Elasticsearch has generated an _id for us and has added other metadata to each record returned, including a score on how well the record matched the query.

This is a good time to point out that Elasticsearch is a great key/value or document store! It could easily replace MongoDB in our stack, and doing so could simplify and enhance scalability by reducing components. Remember, simplicity is key to scalability. That being said, Mongo has features we’ll be thankful for later, so don’t write it off.

## Python and Elasticsearch

In our web applications we will need to access Elasticsearch from within Python but outside Spark. To do so we use the Python Elasticsearch Client library available from PyPi under the `elasticsearch` package name.
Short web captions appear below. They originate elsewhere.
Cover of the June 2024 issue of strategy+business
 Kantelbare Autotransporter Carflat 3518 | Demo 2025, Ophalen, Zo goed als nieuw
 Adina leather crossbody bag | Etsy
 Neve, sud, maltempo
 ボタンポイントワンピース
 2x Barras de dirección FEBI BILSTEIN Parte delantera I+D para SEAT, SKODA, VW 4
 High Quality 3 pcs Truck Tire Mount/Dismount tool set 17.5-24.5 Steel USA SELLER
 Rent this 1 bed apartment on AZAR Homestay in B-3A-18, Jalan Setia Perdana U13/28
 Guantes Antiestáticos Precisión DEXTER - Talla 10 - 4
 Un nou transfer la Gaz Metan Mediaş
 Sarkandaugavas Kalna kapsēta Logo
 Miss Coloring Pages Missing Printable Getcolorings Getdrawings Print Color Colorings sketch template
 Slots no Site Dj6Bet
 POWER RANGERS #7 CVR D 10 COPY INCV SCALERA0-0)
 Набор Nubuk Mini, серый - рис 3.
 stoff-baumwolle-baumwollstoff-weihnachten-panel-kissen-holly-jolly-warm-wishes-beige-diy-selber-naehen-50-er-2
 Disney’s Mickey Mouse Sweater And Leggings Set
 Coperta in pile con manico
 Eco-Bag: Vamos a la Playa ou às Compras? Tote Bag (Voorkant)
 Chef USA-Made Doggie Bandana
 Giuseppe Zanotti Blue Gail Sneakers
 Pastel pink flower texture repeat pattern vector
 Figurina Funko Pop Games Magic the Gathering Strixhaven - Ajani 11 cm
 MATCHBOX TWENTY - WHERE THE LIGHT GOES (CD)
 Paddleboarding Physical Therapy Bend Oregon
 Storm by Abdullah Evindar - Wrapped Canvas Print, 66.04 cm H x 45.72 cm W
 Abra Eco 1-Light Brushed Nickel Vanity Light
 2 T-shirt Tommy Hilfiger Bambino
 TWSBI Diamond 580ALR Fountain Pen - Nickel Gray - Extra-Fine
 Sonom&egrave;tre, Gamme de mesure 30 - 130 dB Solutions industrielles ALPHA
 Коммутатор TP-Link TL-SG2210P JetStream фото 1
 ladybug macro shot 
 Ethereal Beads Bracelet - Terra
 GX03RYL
Using `elasticsearch` is easy. Running the code below, you should see much the same content as was returned from Elasticsearch via `curl`.

In [27]:
import json
from elasticsearch7 import Elasticsearch


es = Elasticsearch('http://elastic:9200/')

print(
    json.dumps(
        es.search(index='executives', body={
            "query": {
                "match": {"name": "Russell"}
                }
            }
        ),
        indent=4,
        sort_keys=True
    )
)

{
    "_shards": {
        "failed": 0,
        "skipped": 0,
        "successful": 1,
        "total": 1
    },
    "hits": {
        "hits": [
            {
                "_id": "Y1Ob64wBrenEcs-N0G2n",
                "_index": "executives",
                "_score": 1.0296195,
                "_source": {
                    "company": "Relato",
                    "name": "Russell Jurney",
                    "title": "CEO"
                },
                "_type": "_doc"
            },
            {
                "_id": "aFOb64wBrenEcs-N0G2n",
                "_index": "executives",
                "_score": 1.0296195,
                "_source": {
                    "company": "Data Syndrome",
                    "name": "Russell Jurney",
                    "title": "Principal Consultant"
                },
                "_type": "_doc"
            }
        ],
        "max_score": 1.0296195,
        "total": {
            "relation": "eq",
            "value": 2
       



## Distributed Streams with Apache Kafka

According to its website, “Kafka™ is used for building real-time data pipelines and streaming apps. It is horizontally scalable, fault-tolerant, wicked fast, and runs in production in thousands of companies.” We’ll be using Kafka streams to make predictions in “sub real time,” using Spark Streaming. Kafka can also be used to collect data and aggregate it to bulk storage like HDFS or Amazon S3.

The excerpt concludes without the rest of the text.